Unfortunately, 6.5.6,p8 results in a circular definition for "Array
subscripting", 6.5.2.1,p2, which defines the subscript operator in
terms including pointer arithmetic via the binary '+' operator, who
then defines pointer arithmetic in terms including the "difference of
the subscripts". Oops.
For an object with "allocated" "storage duration" (6.2.4,p1), there
isn't even a "declared type" for an array object to work with, but
only the type of an lvalue used to access it (6.5,p6). If we accept
"only _a_particular_ array object" above, it might be difficult to
accept any accesses to elements within an array object with allocated
storage, since:
The effective type is the type of the lvalue used to access the
object, in the case of an object with allocated storage.

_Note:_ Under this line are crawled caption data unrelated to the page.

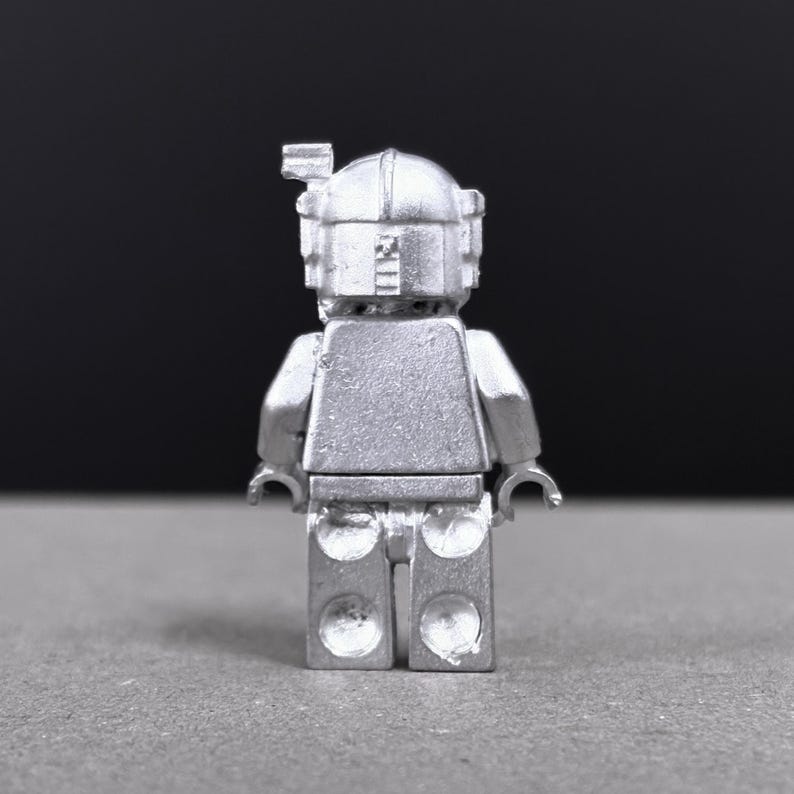 May include: A silver-colored minifigure with a helmet and rectangular torso. The figure has a detailed design, including a visor and a small antenna on top of the helmet. The figure is standing on a gray surface.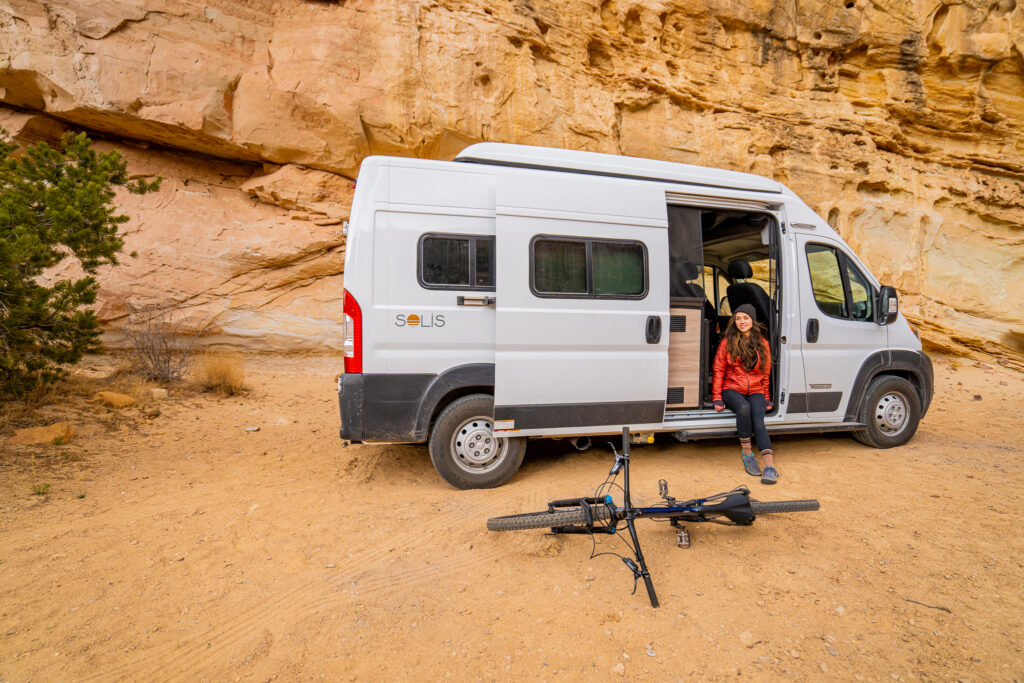 A Campervan with a bike in front of it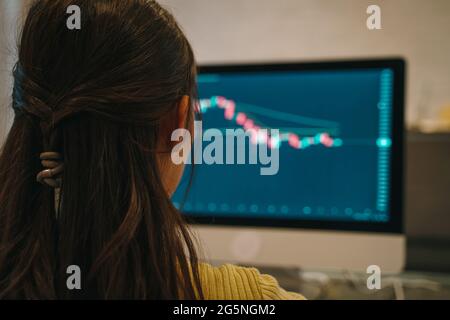 Rear view of young Asian female broker working and reading stock market graphs and data using computer at home with concentration Stock Photo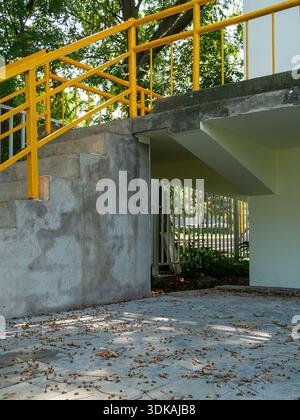 Outdoor architectural detail of grey concrete stairs with bright yellow metal handrails and fallen leaves on the ground. Stock Photo
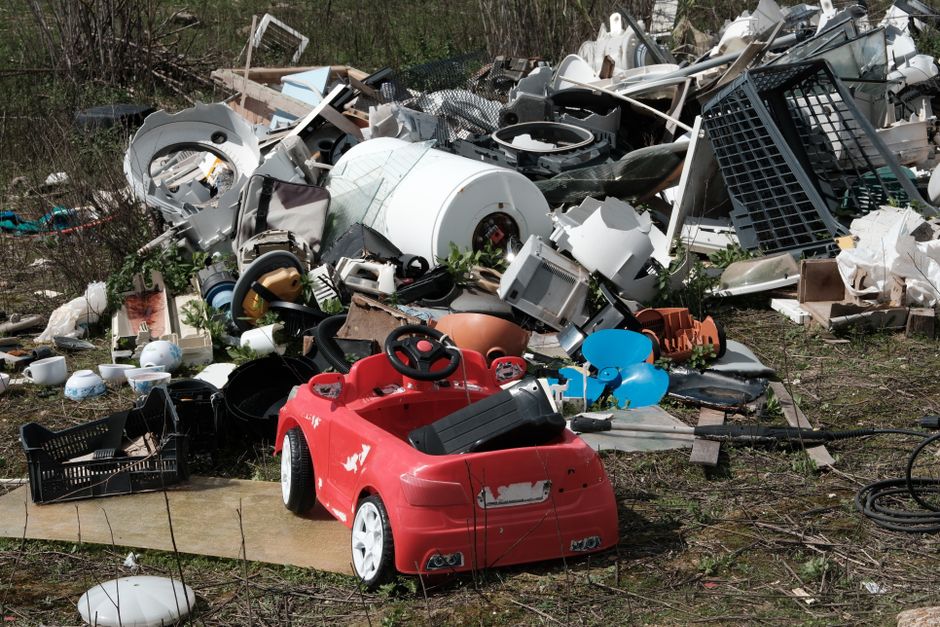 A large pile of discarded household and electronic waste sprawled across an outdoor area, consisting of various broken appliances, plastic items, and metal debris. Prominently visible in the foregroun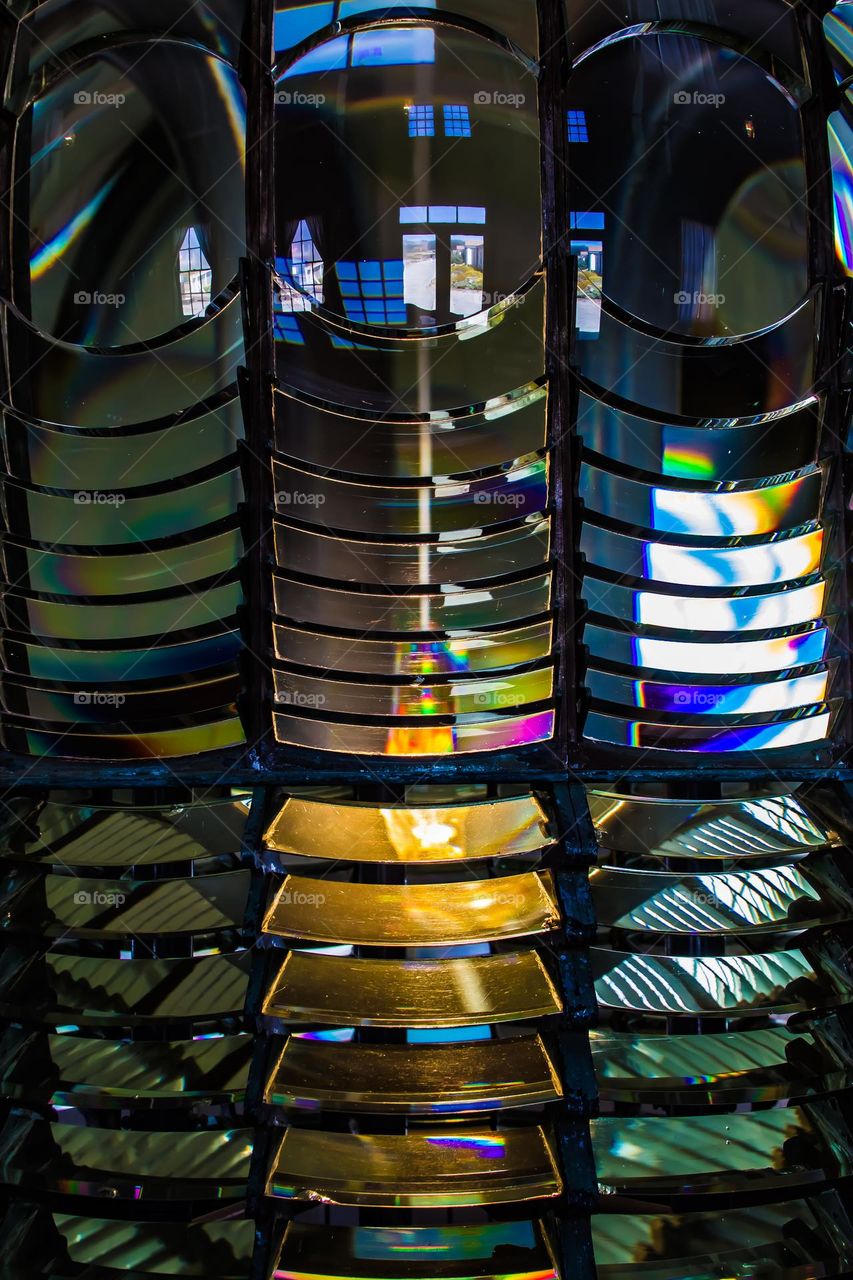 Close up detail of the fresnel lens lighthouse prism at the pigeon point lighthouse in California off the coast of highway one between San Francisco and Santa Cruz, showing the beautiful refractive light of rainbow colors and reflections 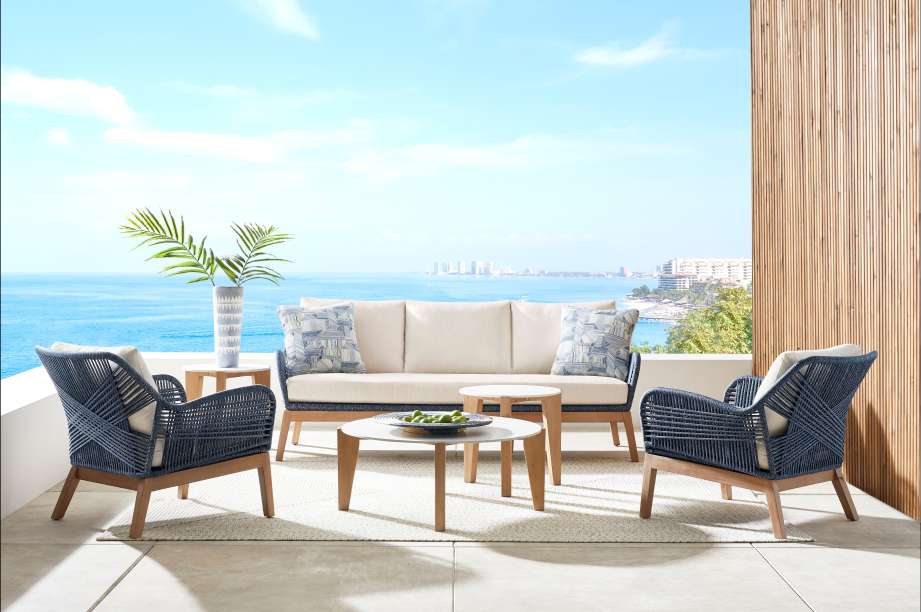 Outdoor furniture set with a sofa, two armchairs, and two side tables.
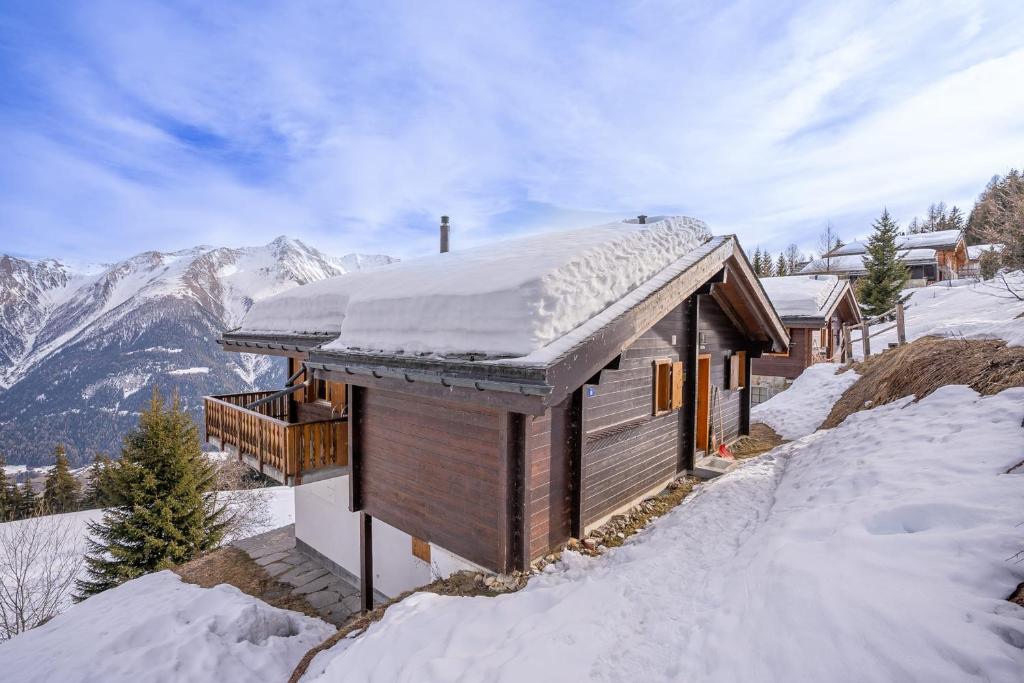 a log cabin with snow on the roof in the mountains at Chalet UVA in Bettmeralp
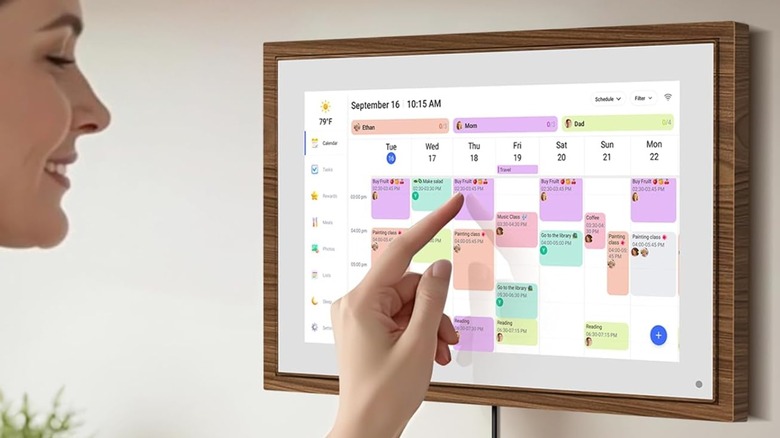 woman using wall digital calendar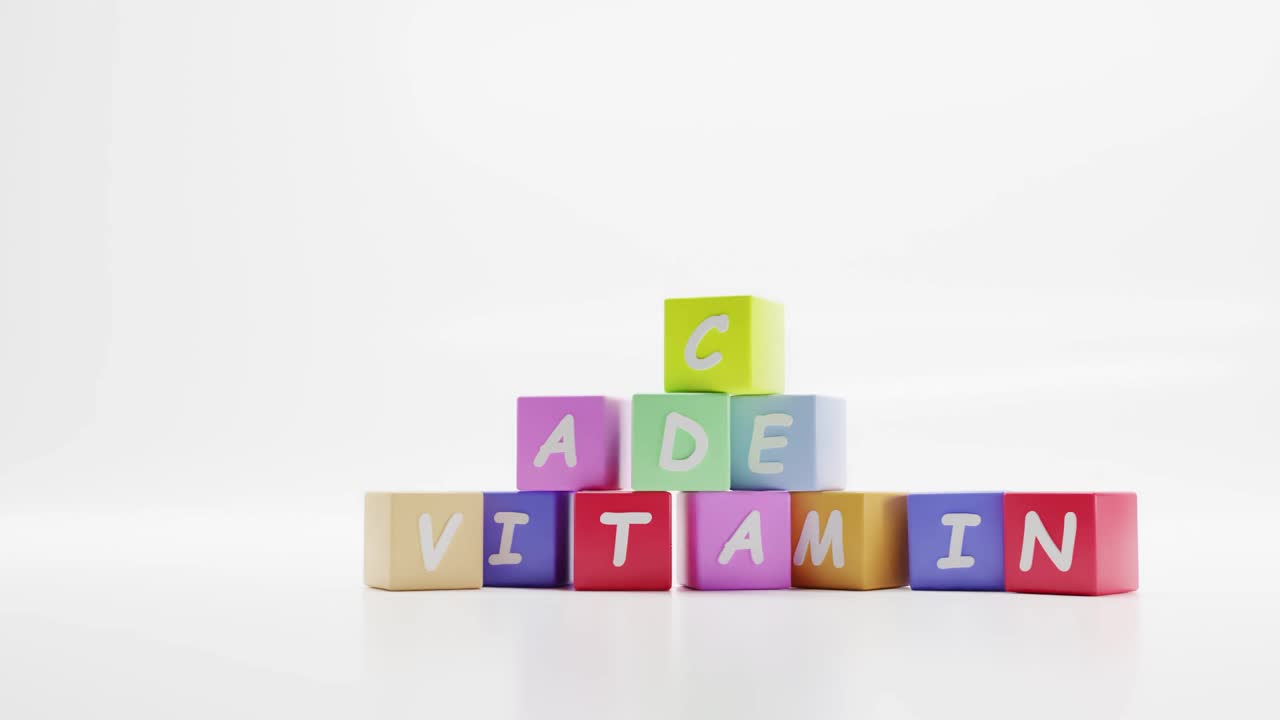 单词维生素，药丸A C D E彩色方块，儿童教育游戏与字母有关的健康和药物。卡通塔，金字塔的方块与动态的球和球在白色的背景视频下载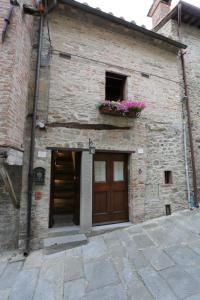 ein Backsteingebäude mit einer Tür und einem Fenster mit Blumen in der Unterkunft Casina Iannelli in Cortona
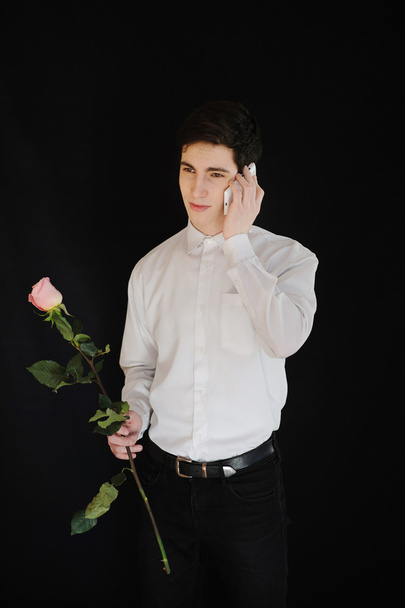 young man with a rose talking on telephone - Fotoğraf, Görsel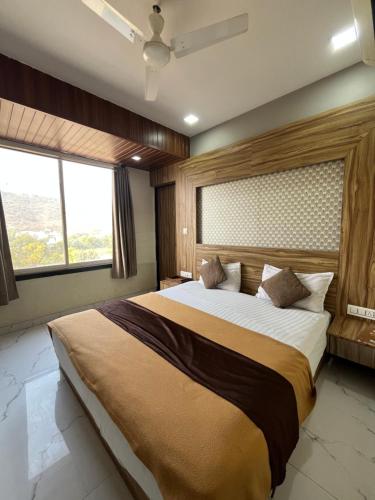 a bedroom with a large bed and a large window at Hotel Bansuri I opposite shreenathji temple 80mtr away 966o9o1oo6 in Nāthdwāra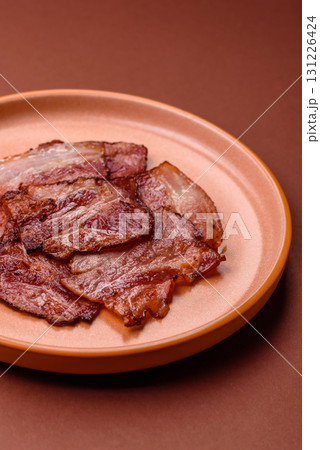 Cooked fried crispy bacon as an ingredient of a delicious English breakfast. Pieces of fried bacon Cooked fried crispy bacon as an ingredient of a delicious English breakfast. Pieces of fried bacon 131226424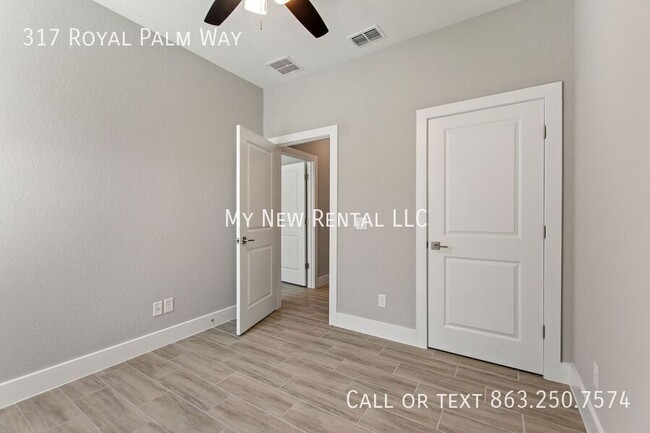 Building Photo - 317 Royal Palm Wy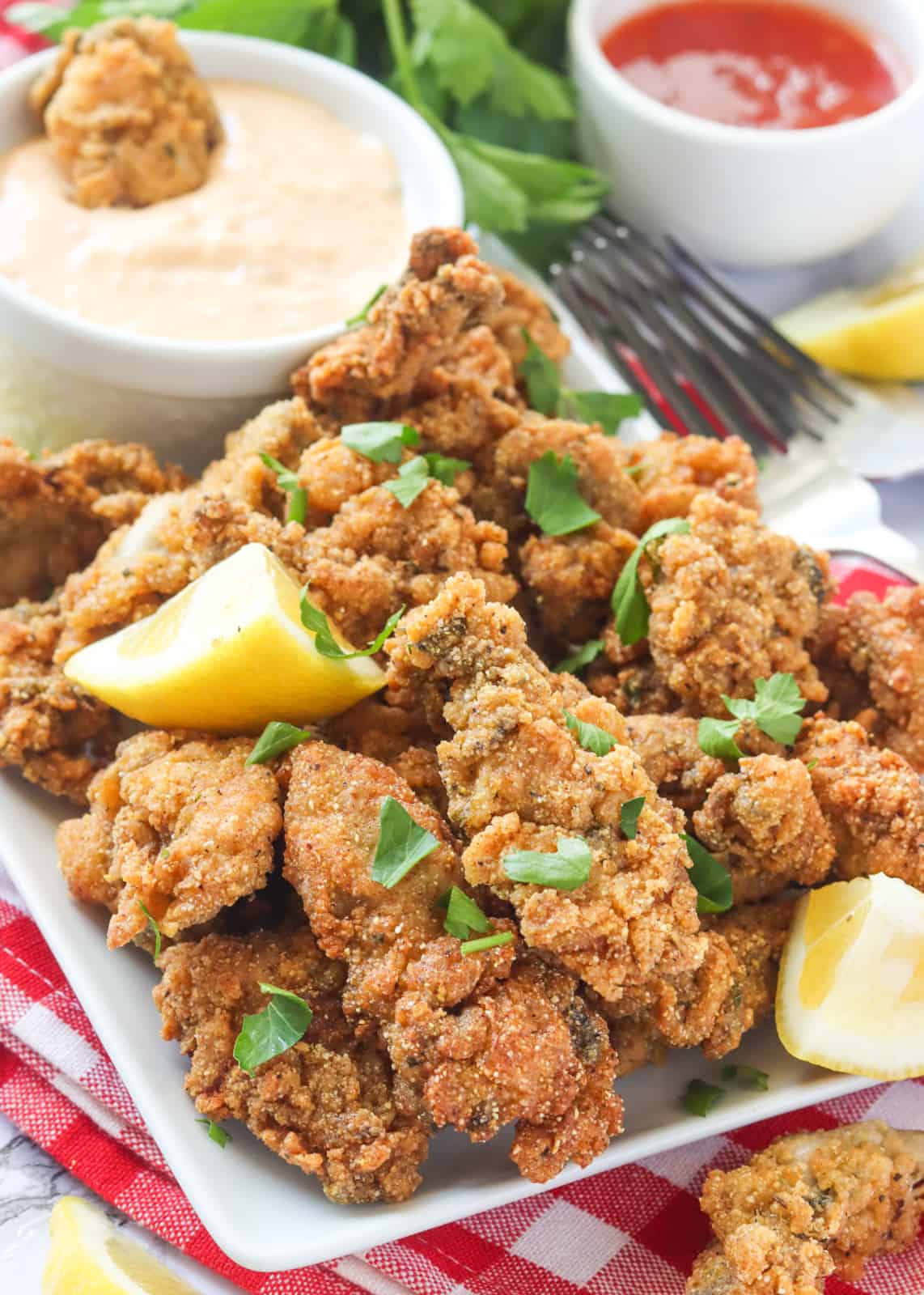 Enjoying a stack of delectable fried oysters with lemon wedges and sauce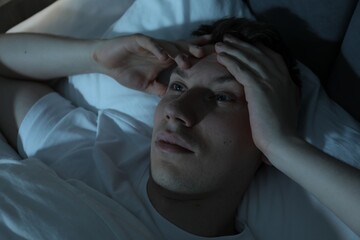 Frustrated man suffering from insomnia in bed indoors, above view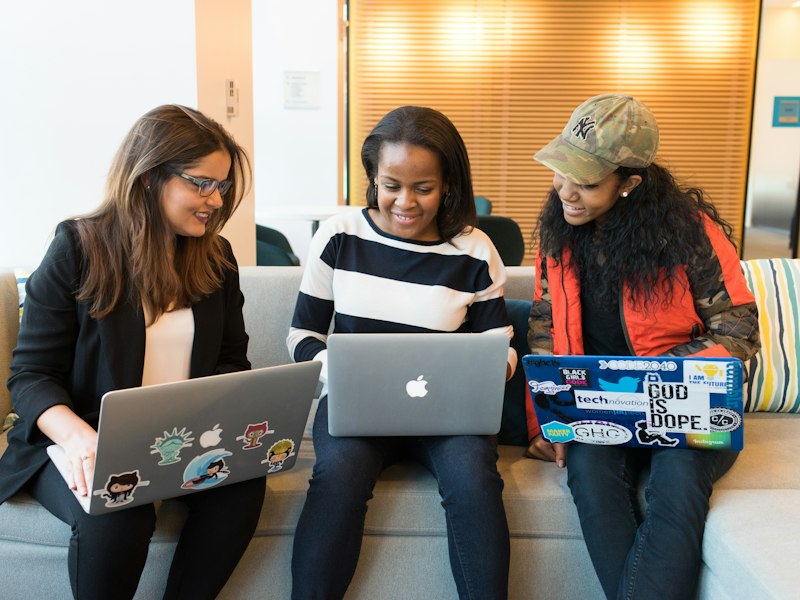 Black women engineers collaborating on laptops in an office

An implementation is welcome to detect attempts to move outside
the boundaries of that array.
Agreed. Some bounds of arrays are known at translation-time and some
are not, also.
Furthermore, the decay Peter describes above looks like:
int[10] ---> int *
If an implementation attempts to keep track of the 'int *'-typed
result as "must point within an object with type 'int[10]'" instead of
discarding the bound, we can at least work around this by casting the
result to 'void *' or 'char *', then to 'int(*)[sizeof two_d_array /
sizeof two_d_array[0][0]]', then back to 'void *' or 'char *', then
back to an 'int *' like we started with. The middle-measure should
discard any bound the implementation might have been attempting to
track.
/* should be fine, this is guaranteed to be true */
assert((two_d_array[0] + 10) == &(two_d_array[1][0]));
two_d_array[1][0] = 1; /* valid */
two_d_array[0][10] = 1; /* undefined behavior */
Well at least there's a work-around (detailed above) for concerns of
UB, here.
Comparison between pointers does not compare their boundaries. (The assert
is safe because you are allowed to calculate the address of the object one
past the end of an array.)
I would suggest that implementations should attempt to work with the
knowledge of which locations are valid for which object types
('two_d_array' being declared for 100 contiguous 'int's), OR to drop
any tracked bound during the conversion of 'int[10]' to 'int *'. Just
a suggestion.
In a four-dimensional array:
int fd[10][10][10][10];
'fd' (alone) is an expression with type 'int[10][10][10][10]', which
might become 'int(*)[10][10][10]'.
'fd[0]' (alone) is an expression with type 'int[10][10][10]', which
might become 'int(*)[10][10]'.
'fd[0][0]' (alone) is an expression with type 'int[10][10]', which
might become 'int(*)[10]'.
'fd[0][0][0]' (alone) is an expression with type 'int[10]', which
might become 'int *'.